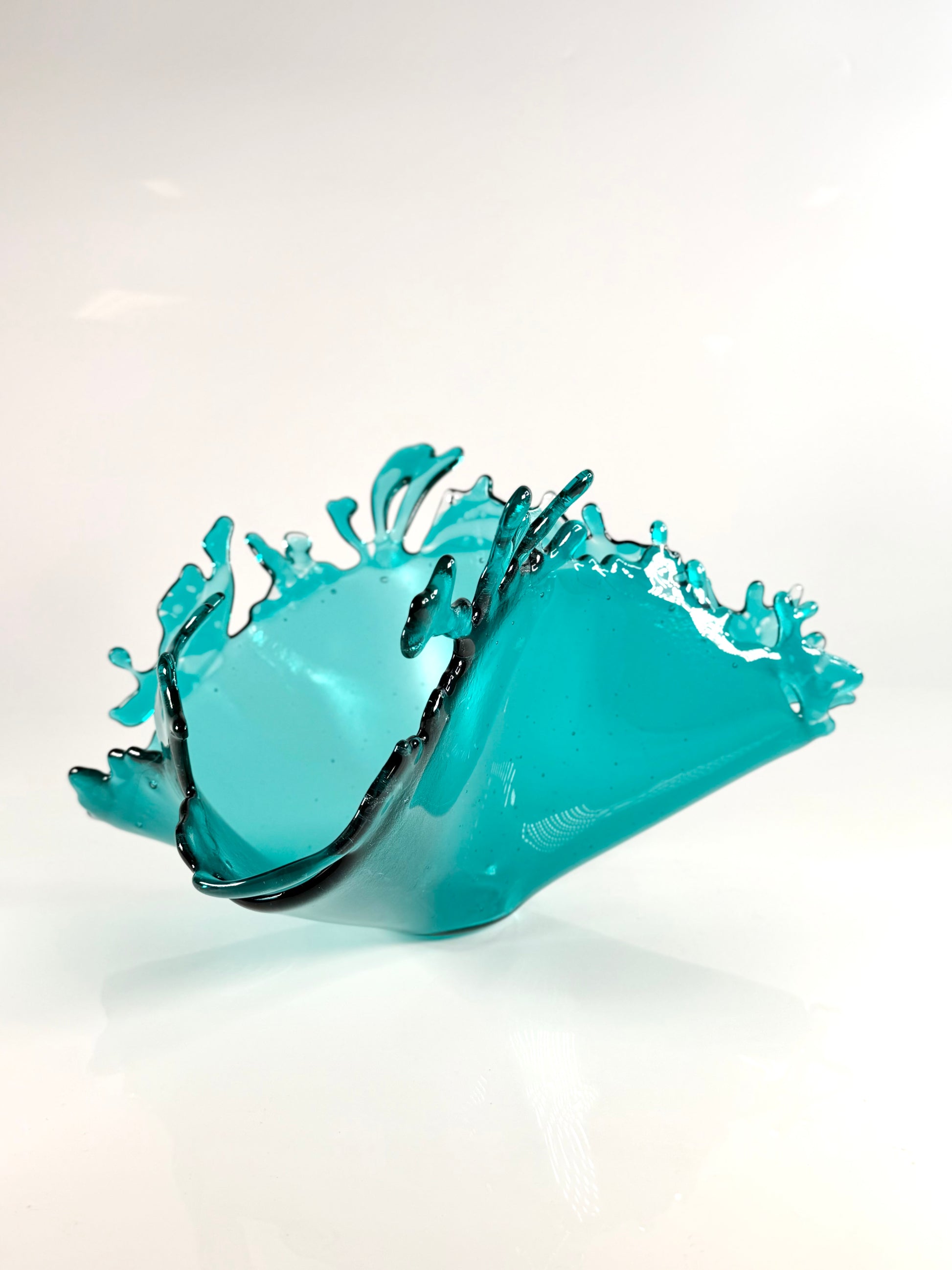 Turquoise glass bowl with wave design on a white background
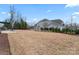 Expansive backyard with immature landscaping and a home with a three-car garage, perfect for outdoor enjoyment at 4000 Spring Cove Way, Belmont, NC 28012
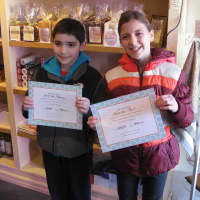 <p>Pound Ridge Elementary students Gerardo Tueme and Jennifer Paul show off their art certificates.</p>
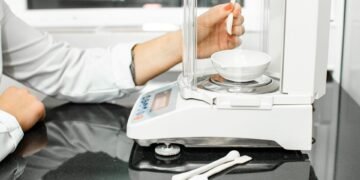 Laboratory scientist using an analytical balance with draft shield in a pharmaceutical research and quality control laboratory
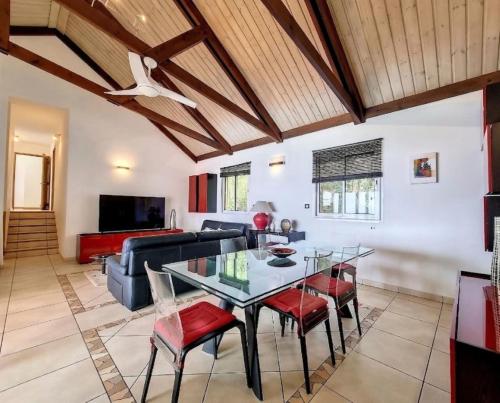 a living room with a glass table and red chairs at Villa Perle de lOcéan Piscine - Clim in Les Avirons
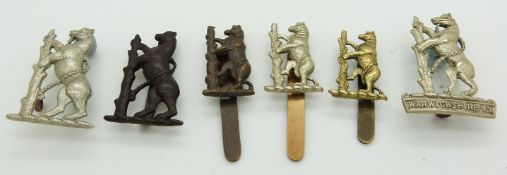 Six British Army Warwickshire Yeomanry metal badges including an Imperial Yeomanry and white metal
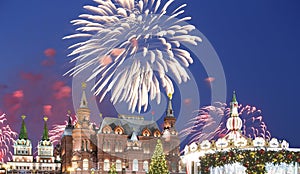 Fireworks over the Christmas New Year holidays illumination and State Historical Museum inscription in Russian,Moscow, Russia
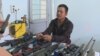 Nguyễn Quốc Thắng cùng tang vật là các khẩu súng tự chế. (Ảnh chụp màn hình ZingNews)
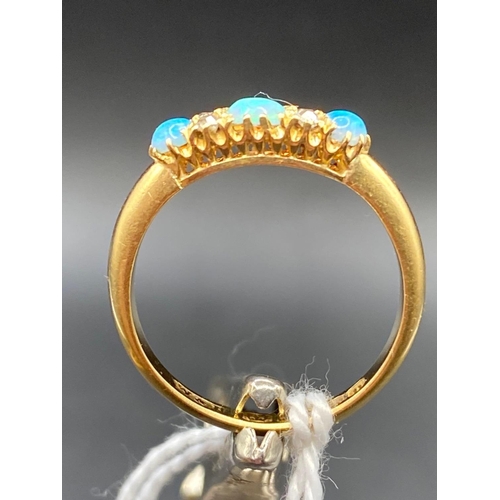 543 - A EXCELLENT 19TH CENTURY THREE STONE OPAL AND DIAMOND RING 18ct Size L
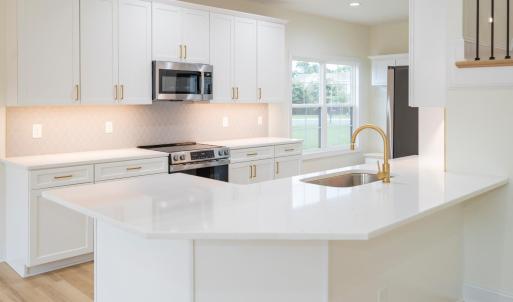 These photos are from this same floor plan on a previous build. Finishes will be similar but not identical.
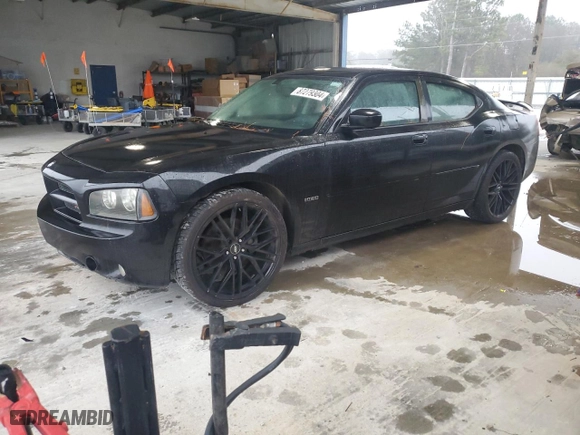 2010 Dodge Charger R/T with VIN 2B3CA5CT9AH156470, listed as a Copart auction lot 87279304 with 206,789 mi miles and Salvage Title. Bid and sale history available at carsss.com. Image 1.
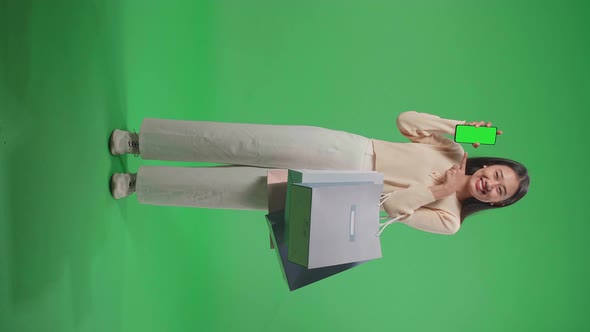 Asian Woman With Shopping Bags Holding And Pointing Green Screen Mobile Phone On Green Screen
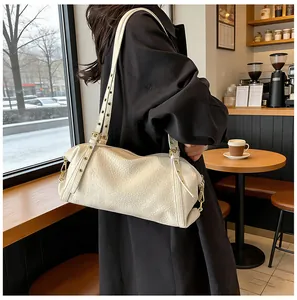 Detail of cream Boston bag featuring pebbled leather texture and metal eyelet straps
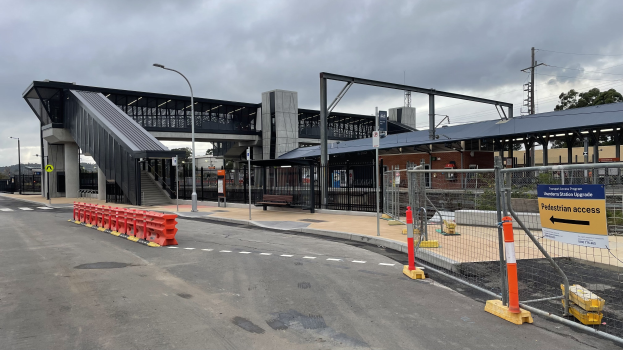 Ein Bahnhofsbild mit einer Brücke im Hintergrund, Straßenmasten, Straßenlaternen, Strommasten, Stromkabel, Bäume, Gebäude, Kraftfahrzeuge auf der Straße, Absperrmasten, Schilder, Bänke und einen bewölkten Himmel.
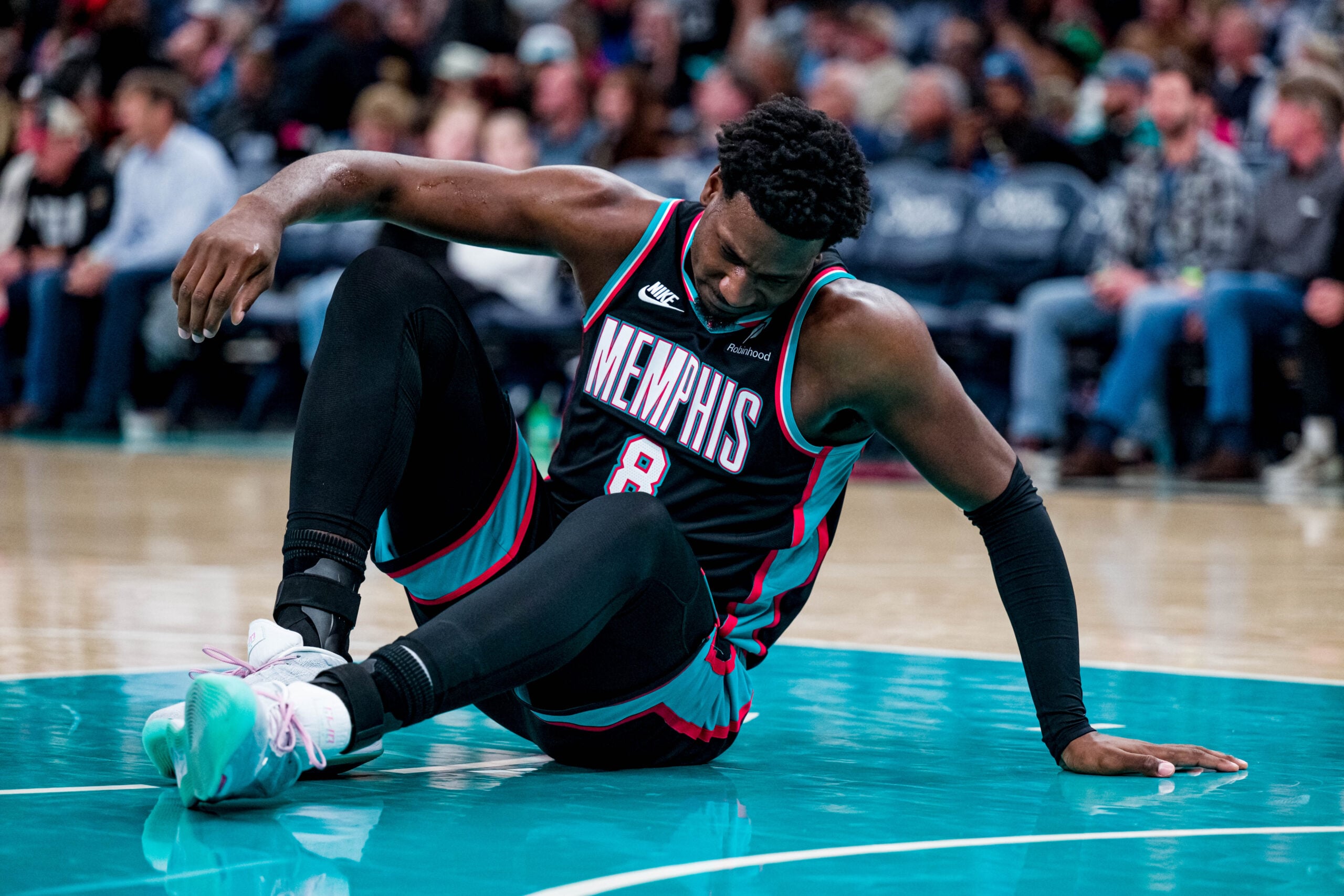 Dec 12, 2025; Memphis, Tennessee, USA; Memphis Grizzlies power forward Jaren Jackson Jr. (8) gets up in the second half against the Utah Jazz at FedExForum. Mandatory Credit: Matthew Smith-Imagn Images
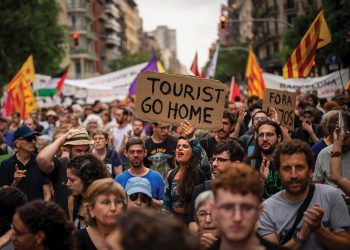 Demonstrators march shouting slogans in downtown Barcelona. Source: AP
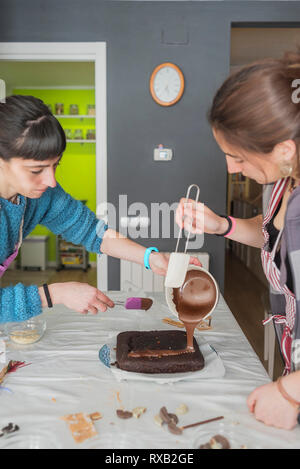Mutter mit Tochter Schokolade Kuchen auf den Tisch zu Hause. Stockfoto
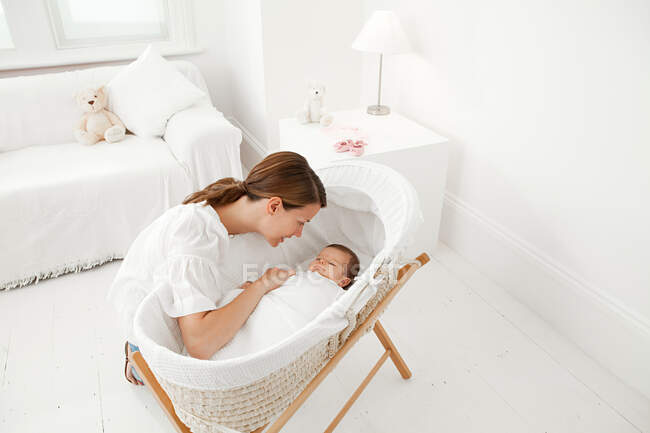 Mother with baby in bassinet — Stock Photo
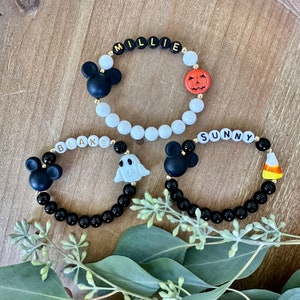 Puede incluir: Tres pulseras de cuentas con nombres personalizados y dijes temáticos de Halloween. Una pulsera tiene un dije de cabeza de Mickey Mouse y el nombre "MILLIE". Otra tiene un dije de fantasma y el nombre "BLAKE". La tercera tiene un dije de cabeza de Mickey Mouse y el nombre "SUNNY".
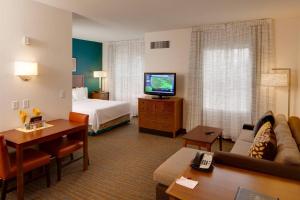 Habitación de hotel con sofá, cama y TV en Residence Inn by Marriott Wichita East At Plazzio en Wichita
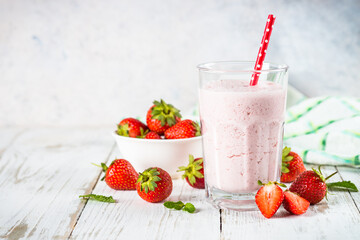 Strawberry smoothie or milkshake at white kkitchen table.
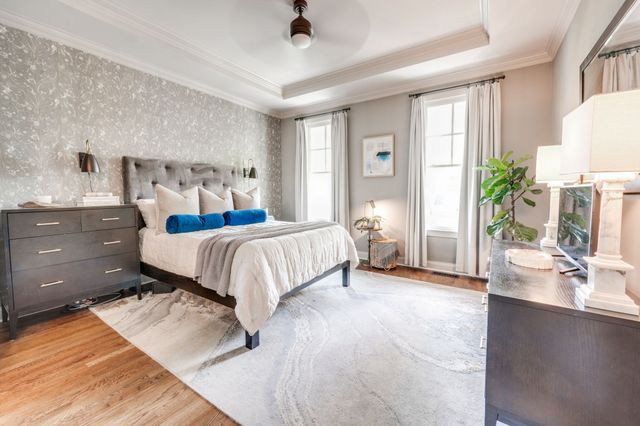a spacious bathroom with a double vanity sink and a mirror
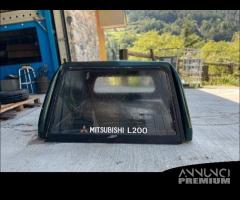 Copertura cassone Mitsubishi L200 1999 4 porte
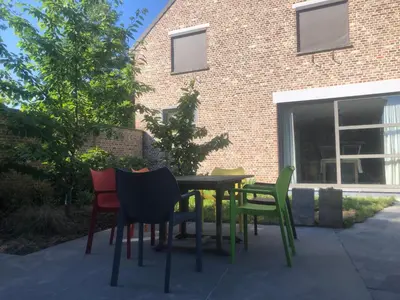 a table and chairs in front of a brick building at landelijke villa met zwembad en gezellige openhaard in Zemst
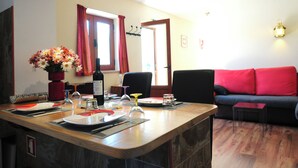 En spiseplads med et træbord dækket til to personer, en vase med blomster og en rød sofa i baggrunden.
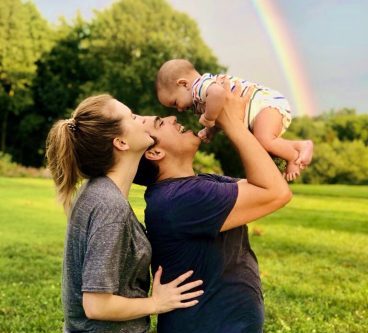 A family outside in a field. The husband is holding the baby and the wife is looking at the baby. There is a rainbow in the background.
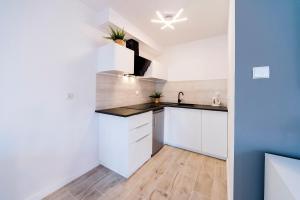 uma cozinha com armários brancos e uma bancada em Apartamenty EverySky - Leśny Dom 16 - 18 em Karpacz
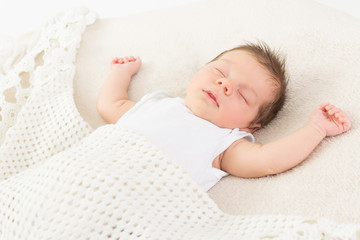 Relaxed baby sleeping in knitted white blanket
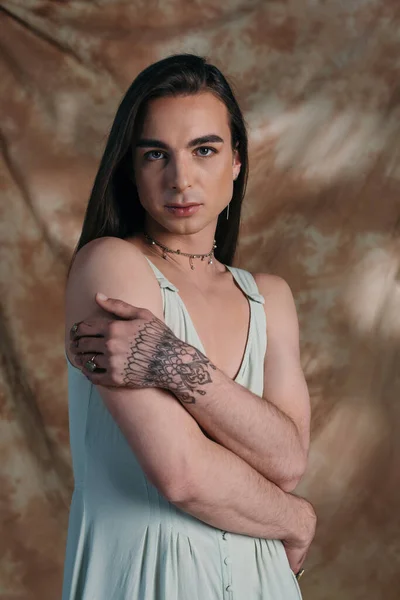 Portrait of brunette queer person in sundress looking at camera on abstract background — Foto stock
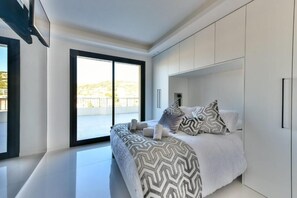 A modern bedroom with a large bed, a sliding glass door to a balcony, and built-in white wardrobes. - L'Horizon avec somptueuse terrasse vue mer (Cannes)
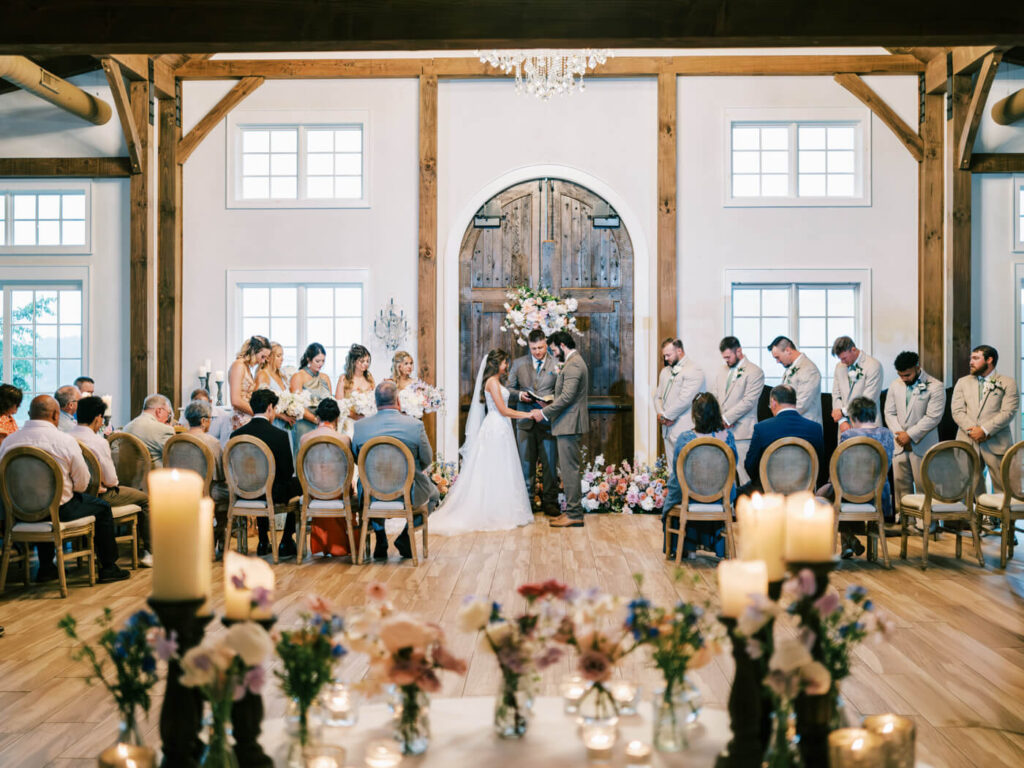 Bride and groom exchanging vows indoors with floral decor, part of an Asheville mountain wedding captured by The Reeses.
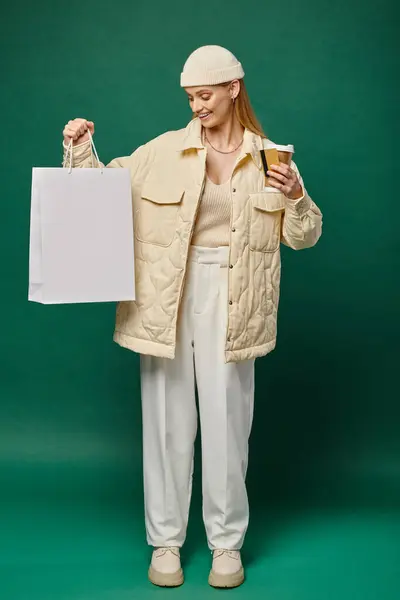 Веселая женщина в модном зимнем наряде с сумкой для покупок, горячим напитком и кредиткой на грине — стоковое фото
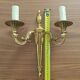 Pair of Louis XVI wall sconces in gilded bronze – Maison Lucien Gau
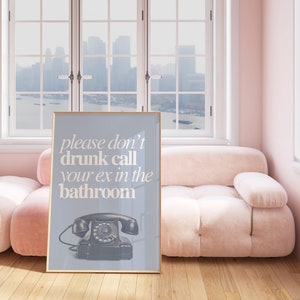 May include: A framed poster with a light blue background and white text that reads "please don't drunk call your ex in the bathroom". A black rotary phone is pictured below the text.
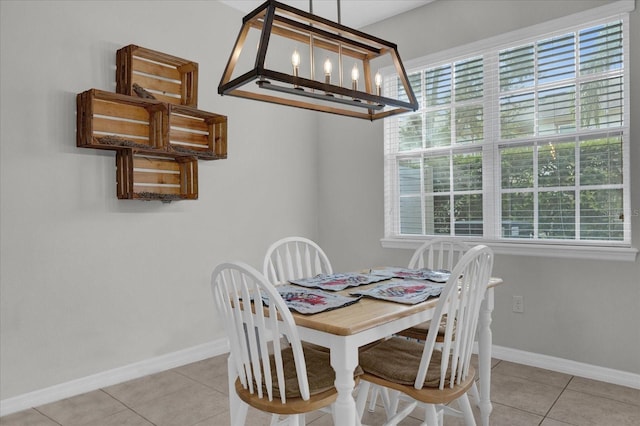 tiled dining area featuring a wealth of natural light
━━━━━━━━
§ **Task brief**
In the records above, copy exactly everything from the line that has "Ein Bahnhofsbild mit" down to the line that has "Dec 12, 2025;", both ends included, and leave out the pictures.

§ **Response to this exercise**
 Ein Bahnhofsbild mit einer Brücke im Hintergrund, Straßenmasten, Straßenlaternen, Strommasten, Stromkabel, Bäume, Gebäude, Kraftfahrzeuge auf der Straße, Absperrmasten, Schilder, Bänke und einen bewölkten Himmel.
 Dec 12, 2025; Memphis, Tennessee, USA; Memphis Grizzlies power forward Jaren Jackson Jr. (8) gets up in the second half against the Utah Jazz at FedExForum. Mandatory Credit: Matthew Smith-Imagn Images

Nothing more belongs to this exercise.